_Problem to solve:_ Print nothing except the lines of the listing below from the line with "Hotwifebrookeblaze" to the line with "Foto del edificio", each exactly as written, both ends included.

· · ·

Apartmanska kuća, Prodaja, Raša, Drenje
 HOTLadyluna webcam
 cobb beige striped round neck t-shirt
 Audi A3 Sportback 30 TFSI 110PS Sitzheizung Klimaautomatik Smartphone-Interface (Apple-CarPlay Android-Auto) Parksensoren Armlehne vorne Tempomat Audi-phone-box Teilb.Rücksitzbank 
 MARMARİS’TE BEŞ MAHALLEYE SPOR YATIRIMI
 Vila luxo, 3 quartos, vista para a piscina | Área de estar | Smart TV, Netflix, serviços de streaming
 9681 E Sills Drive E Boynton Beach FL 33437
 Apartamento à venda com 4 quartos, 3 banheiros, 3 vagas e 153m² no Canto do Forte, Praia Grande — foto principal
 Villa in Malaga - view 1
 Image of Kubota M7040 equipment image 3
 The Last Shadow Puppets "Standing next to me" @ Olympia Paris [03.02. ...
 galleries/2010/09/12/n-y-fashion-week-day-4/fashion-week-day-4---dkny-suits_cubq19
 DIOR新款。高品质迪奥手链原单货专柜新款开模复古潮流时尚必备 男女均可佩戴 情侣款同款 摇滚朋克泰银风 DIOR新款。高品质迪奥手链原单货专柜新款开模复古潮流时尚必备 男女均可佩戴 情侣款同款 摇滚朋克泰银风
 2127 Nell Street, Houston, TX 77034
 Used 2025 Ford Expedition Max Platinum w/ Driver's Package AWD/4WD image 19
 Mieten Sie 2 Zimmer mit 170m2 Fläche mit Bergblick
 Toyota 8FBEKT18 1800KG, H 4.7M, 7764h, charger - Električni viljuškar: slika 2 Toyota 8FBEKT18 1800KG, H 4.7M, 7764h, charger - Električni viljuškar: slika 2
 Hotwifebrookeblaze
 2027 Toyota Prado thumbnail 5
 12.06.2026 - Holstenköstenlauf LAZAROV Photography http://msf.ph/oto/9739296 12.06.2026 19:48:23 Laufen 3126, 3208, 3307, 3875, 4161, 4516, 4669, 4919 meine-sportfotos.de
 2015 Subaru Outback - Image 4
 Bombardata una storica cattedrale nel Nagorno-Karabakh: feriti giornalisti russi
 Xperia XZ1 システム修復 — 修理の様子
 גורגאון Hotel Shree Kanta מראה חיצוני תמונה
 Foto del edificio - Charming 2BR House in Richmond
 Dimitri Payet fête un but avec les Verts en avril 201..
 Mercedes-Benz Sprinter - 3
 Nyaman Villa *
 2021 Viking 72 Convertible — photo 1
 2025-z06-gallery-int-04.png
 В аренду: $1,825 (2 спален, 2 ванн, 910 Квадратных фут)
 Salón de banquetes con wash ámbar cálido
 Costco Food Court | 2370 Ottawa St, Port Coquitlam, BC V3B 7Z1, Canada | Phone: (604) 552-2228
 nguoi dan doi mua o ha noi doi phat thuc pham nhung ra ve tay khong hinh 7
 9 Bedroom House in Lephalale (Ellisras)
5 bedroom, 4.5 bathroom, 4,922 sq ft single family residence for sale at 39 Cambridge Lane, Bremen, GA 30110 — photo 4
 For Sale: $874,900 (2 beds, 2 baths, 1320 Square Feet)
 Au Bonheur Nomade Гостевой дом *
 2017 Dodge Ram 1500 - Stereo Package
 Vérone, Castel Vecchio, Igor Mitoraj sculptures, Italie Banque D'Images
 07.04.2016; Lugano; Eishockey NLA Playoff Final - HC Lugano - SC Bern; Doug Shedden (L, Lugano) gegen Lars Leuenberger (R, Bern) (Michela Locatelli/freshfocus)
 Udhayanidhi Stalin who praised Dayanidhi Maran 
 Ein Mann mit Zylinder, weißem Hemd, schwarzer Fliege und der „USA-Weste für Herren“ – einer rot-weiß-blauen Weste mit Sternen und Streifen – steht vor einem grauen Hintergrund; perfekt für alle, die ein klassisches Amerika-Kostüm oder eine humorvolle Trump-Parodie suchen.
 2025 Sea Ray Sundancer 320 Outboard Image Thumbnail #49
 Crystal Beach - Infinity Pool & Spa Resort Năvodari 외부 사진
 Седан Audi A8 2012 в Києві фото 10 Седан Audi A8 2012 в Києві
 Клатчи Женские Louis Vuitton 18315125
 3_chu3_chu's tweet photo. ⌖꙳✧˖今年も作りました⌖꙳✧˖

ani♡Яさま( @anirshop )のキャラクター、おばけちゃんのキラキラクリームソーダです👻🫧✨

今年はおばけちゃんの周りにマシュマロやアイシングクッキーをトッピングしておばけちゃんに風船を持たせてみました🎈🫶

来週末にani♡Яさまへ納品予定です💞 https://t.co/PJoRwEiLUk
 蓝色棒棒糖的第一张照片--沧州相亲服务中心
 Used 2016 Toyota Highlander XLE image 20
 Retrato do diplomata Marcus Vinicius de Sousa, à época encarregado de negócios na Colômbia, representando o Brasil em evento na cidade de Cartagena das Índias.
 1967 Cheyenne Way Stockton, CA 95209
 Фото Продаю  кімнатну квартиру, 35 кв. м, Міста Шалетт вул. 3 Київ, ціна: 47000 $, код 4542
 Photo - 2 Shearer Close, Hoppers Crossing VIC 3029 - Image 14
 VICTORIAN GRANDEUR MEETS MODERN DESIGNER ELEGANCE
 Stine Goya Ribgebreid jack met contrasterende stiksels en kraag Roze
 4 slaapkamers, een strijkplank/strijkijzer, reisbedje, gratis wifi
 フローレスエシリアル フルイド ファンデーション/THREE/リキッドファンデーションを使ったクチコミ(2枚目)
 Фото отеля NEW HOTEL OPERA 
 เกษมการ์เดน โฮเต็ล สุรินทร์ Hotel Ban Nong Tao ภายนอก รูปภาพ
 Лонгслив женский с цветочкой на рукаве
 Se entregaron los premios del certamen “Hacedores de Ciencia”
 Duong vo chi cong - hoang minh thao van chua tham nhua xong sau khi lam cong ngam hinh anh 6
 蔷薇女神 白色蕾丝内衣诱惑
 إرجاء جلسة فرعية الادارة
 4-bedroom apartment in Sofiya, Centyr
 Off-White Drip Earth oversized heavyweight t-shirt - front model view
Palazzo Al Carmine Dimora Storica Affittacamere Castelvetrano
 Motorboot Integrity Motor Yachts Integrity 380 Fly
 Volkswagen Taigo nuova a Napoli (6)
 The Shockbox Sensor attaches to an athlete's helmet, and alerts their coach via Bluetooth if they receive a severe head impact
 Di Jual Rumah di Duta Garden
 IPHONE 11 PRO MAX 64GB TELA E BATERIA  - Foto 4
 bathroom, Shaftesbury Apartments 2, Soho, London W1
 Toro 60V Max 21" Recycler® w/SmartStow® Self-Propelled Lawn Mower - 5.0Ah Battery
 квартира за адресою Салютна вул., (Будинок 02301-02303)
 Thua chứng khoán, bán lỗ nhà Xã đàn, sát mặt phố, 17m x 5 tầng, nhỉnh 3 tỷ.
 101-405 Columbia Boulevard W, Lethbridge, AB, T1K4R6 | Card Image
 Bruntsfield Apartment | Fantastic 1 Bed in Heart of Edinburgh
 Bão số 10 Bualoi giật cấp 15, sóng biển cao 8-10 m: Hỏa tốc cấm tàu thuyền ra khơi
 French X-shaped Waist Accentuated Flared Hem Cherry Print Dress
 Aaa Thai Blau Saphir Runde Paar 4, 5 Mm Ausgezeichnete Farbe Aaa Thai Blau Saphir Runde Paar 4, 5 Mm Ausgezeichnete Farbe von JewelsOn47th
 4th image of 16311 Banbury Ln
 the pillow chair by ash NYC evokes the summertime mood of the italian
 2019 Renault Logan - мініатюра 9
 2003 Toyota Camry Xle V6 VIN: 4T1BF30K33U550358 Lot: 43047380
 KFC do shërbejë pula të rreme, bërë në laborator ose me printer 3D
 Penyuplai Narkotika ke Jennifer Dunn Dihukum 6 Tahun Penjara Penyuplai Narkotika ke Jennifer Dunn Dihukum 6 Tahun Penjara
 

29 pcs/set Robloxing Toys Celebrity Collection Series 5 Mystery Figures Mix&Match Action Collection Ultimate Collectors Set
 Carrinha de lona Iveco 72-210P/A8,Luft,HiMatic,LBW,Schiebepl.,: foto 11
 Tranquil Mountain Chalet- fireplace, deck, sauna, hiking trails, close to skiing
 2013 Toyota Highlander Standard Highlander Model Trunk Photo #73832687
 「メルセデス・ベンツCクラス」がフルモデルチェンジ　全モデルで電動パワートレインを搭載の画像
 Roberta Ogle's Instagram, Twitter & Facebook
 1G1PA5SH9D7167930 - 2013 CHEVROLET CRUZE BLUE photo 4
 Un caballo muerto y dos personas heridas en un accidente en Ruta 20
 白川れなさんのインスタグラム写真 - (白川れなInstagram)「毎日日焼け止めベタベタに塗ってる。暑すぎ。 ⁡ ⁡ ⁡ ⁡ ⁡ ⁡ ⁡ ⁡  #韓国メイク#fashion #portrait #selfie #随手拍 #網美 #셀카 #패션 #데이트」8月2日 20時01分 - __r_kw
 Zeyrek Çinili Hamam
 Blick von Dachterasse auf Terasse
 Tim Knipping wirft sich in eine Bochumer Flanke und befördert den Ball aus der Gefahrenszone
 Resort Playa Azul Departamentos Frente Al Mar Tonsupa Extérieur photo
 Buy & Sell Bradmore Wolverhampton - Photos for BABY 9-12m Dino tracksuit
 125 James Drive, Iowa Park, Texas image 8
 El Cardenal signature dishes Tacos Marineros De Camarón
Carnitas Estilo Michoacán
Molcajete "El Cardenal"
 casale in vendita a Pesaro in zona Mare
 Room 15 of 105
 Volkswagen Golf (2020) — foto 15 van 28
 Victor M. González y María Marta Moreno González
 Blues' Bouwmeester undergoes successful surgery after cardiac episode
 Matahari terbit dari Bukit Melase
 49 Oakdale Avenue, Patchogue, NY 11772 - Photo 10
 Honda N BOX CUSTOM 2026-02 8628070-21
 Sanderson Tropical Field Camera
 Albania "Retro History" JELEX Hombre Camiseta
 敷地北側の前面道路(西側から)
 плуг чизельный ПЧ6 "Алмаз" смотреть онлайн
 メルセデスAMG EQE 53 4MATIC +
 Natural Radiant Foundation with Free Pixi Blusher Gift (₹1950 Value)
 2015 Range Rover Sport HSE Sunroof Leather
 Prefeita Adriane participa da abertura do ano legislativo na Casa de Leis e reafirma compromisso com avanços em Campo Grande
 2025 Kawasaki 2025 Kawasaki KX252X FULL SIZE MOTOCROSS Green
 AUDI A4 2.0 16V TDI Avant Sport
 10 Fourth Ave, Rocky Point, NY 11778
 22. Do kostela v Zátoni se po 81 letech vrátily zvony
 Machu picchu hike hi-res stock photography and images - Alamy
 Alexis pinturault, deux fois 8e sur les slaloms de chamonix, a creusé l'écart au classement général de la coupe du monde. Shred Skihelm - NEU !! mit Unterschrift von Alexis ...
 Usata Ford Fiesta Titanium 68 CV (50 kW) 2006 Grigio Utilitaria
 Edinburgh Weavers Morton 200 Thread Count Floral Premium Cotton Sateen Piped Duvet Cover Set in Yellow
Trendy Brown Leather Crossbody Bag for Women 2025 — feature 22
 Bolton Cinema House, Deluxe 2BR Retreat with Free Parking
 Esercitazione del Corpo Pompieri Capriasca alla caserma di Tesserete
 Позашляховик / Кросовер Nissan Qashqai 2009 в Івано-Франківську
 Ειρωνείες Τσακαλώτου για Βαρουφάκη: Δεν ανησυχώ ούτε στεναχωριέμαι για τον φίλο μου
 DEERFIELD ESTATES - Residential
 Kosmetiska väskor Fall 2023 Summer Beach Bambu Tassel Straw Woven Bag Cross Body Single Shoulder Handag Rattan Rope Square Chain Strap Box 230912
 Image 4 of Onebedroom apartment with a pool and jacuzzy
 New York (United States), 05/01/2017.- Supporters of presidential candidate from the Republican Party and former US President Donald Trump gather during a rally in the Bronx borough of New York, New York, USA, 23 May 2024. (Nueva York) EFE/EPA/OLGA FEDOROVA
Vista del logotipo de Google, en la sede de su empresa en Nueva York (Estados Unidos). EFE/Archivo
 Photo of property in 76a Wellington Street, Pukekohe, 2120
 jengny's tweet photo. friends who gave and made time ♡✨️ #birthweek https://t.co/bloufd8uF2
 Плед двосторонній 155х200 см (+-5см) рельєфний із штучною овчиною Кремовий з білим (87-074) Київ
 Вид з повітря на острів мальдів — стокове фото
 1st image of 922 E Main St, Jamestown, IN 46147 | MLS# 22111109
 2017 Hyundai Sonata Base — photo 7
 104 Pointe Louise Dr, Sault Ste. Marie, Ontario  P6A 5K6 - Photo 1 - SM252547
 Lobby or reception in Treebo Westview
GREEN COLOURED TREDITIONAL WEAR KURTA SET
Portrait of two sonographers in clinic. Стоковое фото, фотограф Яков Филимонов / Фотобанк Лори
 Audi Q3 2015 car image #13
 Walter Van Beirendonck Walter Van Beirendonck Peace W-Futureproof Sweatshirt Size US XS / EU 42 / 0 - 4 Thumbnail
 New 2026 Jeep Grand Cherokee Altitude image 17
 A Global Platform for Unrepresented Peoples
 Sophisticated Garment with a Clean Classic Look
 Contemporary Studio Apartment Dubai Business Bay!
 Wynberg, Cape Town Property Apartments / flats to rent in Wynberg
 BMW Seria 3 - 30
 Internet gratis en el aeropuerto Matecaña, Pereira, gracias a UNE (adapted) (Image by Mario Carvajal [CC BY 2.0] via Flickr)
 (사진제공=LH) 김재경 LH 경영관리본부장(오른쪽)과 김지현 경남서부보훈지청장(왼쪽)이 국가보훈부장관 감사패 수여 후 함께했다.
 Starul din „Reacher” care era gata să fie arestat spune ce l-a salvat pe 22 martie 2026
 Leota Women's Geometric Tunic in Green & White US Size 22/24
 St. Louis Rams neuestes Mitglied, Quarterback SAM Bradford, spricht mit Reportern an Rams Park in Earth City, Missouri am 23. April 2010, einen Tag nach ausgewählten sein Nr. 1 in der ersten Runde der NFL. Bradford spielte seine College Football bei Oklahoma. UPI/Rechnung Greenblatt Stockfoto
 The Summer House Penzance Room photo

· · ·

_Exercise response:_
 Hotwifebrookeblaze
 2027 Toyota Prado thumbnail 5
 12.06.2026 - Holstenköstenlauf LAZAROV Photography http://msf.ph/oto/9739296 12.06.2026 19:48:23 Laufen 3126, 3208, 3307, 3875, 4161, 4516, 4669, 4919 meine-sportfotos.de
 2015 Subaru Outback - Image 4
 Bombardata una storica cattedrale nel Nagorno-Karabakh: feriti giornalisti russi
 Xperia XZ1 システム修復 — 修理の様子
 גורגאון Hotel Shree Kanta מראה חיצוני תמונה
 Foto del edificio - Charming 2BR House in Richmond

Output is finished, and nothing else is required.